Baden-Baden, 15.03.2018, 00:00 Uhr, Bericht: Christian Frietsch Ende letzter Woche trafen sich Vertreter der Baden-Badener Stadtverwaltung zu einer Klausursitzung. Auch die rechtlich zur Stadtverwaltung gehörenden 40 Gemeinderäte waren zu dieser Sitzung inklusive einer Übernachtung von Freitag auf Samstag nach Gengenbach eingeladen. Es sollten Weichen bis ins Jahr 2030 gestellt werden. Eine Veröffentlichung der Stadtverwaltung zu den Ergebnissen der zukunftsweisenden Sitzung liegt zur Stunde nicht vor. Im goodnews4-O-TON-Interview schildert Stadtrat und Klausurteilnehmer Martin Ernst seine Eindrücke zu der Sitzung.
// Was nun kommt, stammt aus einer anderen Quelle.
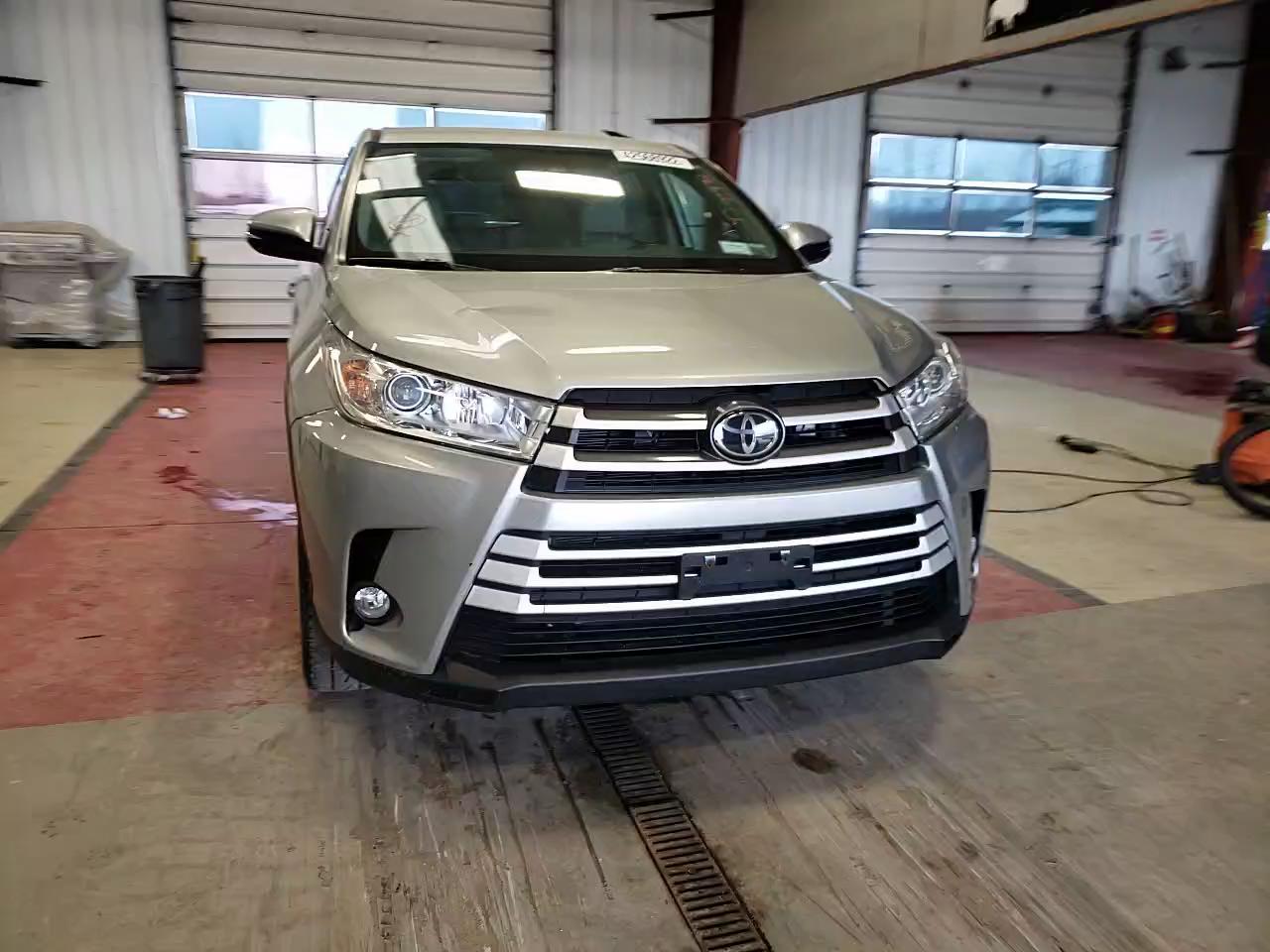 2018 TOYOTA HIGHLA 5TDBZRFH8JS901714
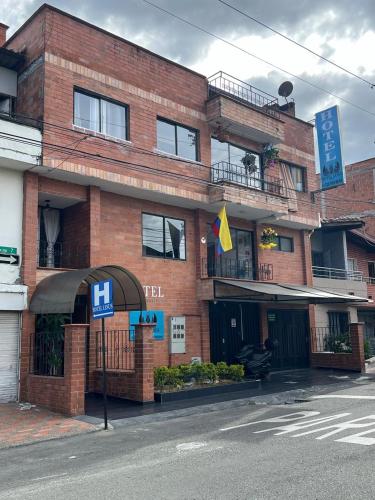 Hotel Lesus - last minute hotel in Medellin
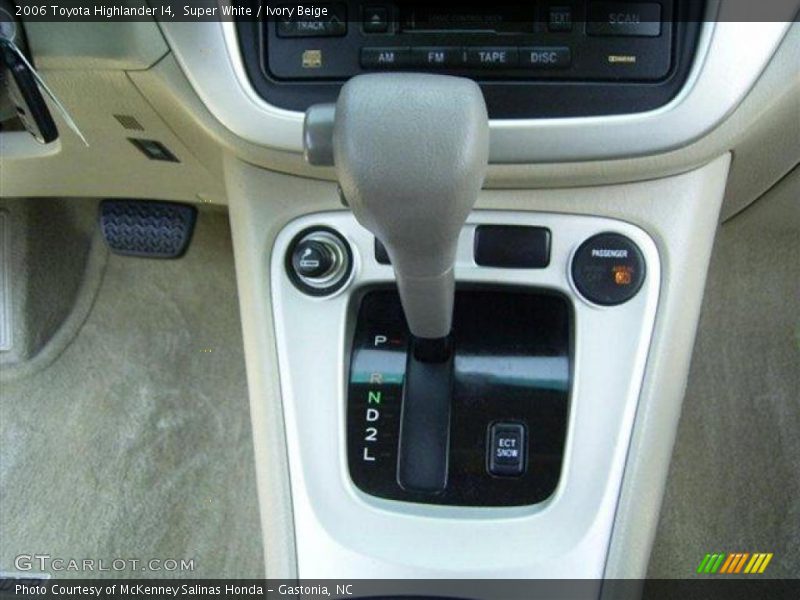 Super White / Ivory Beige 2006 Toyota Highlander I4
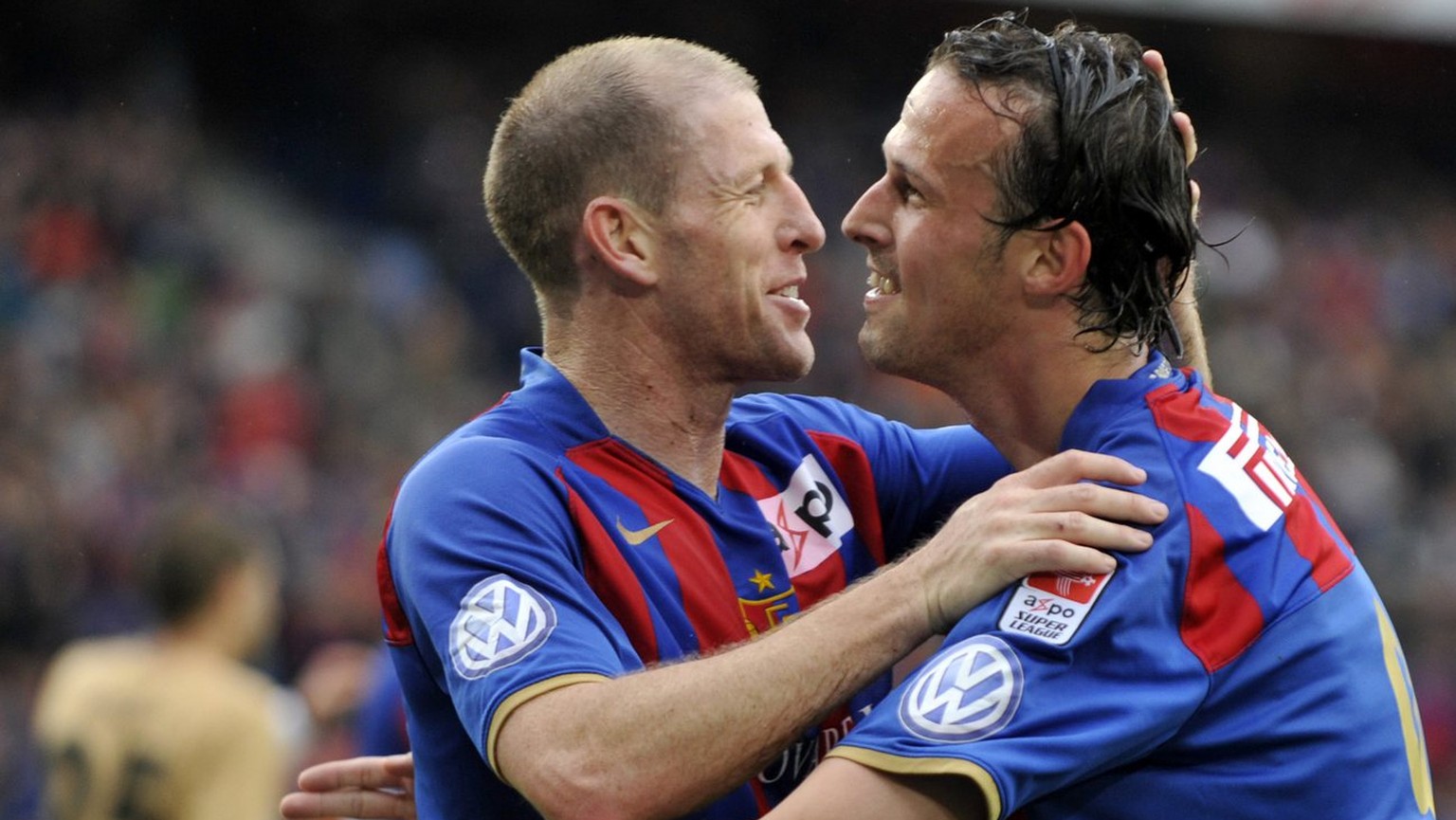 Die beiden Torschuetzen Scott Chipperfield, links und Marco Streller, rechts, jubeln ueber das 2-0 beim Fussball Meisterschaftsspiel der Super League zwischen dem FC Basel und der AC Bellinzona im Sta ...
Nach der Sommerpause soll der Gemeinderat den fortgeschriebenen Stadtentwicklungsplan «Baden-Baden 2020» wiederum auf 2030 fortschreiben. «Am letzten Wochenende wurden an beiden Klausurtagen jeweils vier Themenschwerpunkte in wechselnden Gruppen diskutiert», sagte Martin Ernst zur Methode der wegweisenden Klausur für Baden-Baden und seine Bürger. Bei den diskutierten Themen vermisste Martin Ernst jedoch die Auseinandersetzung mit den «eigentlichen Problemfeldern». Dazu zählt der FBB-Stadtrat die Bebauung der Areale SWR und Vincenti. Dort sollen insgesamt ehere hundert Wohnungen entstehen. Auch das inzwischen fertiggestellte Familienquartier neben dem Tausendfüßler und das dort diskutierten Thema der Feinstaubbelastung seien nicht Gegenstand dieser Klausurtagung gewesen. Auch der Altersarmutsbericht und die Verlagerung sozial schwächerer Bevölkerungsgruppen in die Weststadt oder nach Baden-Oos seien nicht diskutiert worden. Über die Schaffung attraktiver Arbeitsplätze in der Stadt sei nicht diskutiert worden.

Martin Ernst empfiehlt über das Format der Klausurtagungen dieser Art nachzudenken und schlägt vor, dass man für die «Zukunft den Ansatz gänzlich ändern und die einzelnen Stadträte spinnen lassen» solle «wie sie ihre Stadt losgelöst von irgendwelchen Zwängen und Vorgaben weiterentwickeln wollen». Von 40 visionäre Gedankenvorstellungen, sollten jene drei Vorschläge ausgewählt werden, die am ehesten eine Realisierungschance hätten. «Wenn man von diesen drei Visionen dann in den nächsten zehn Jahren eine tatsächlich umsetzt, hätte man Großes für die Stadt erreicht», glaubt der für den Baden-Badener Gemeinderat vermutlich zu experimentierfreudige Stadtrat.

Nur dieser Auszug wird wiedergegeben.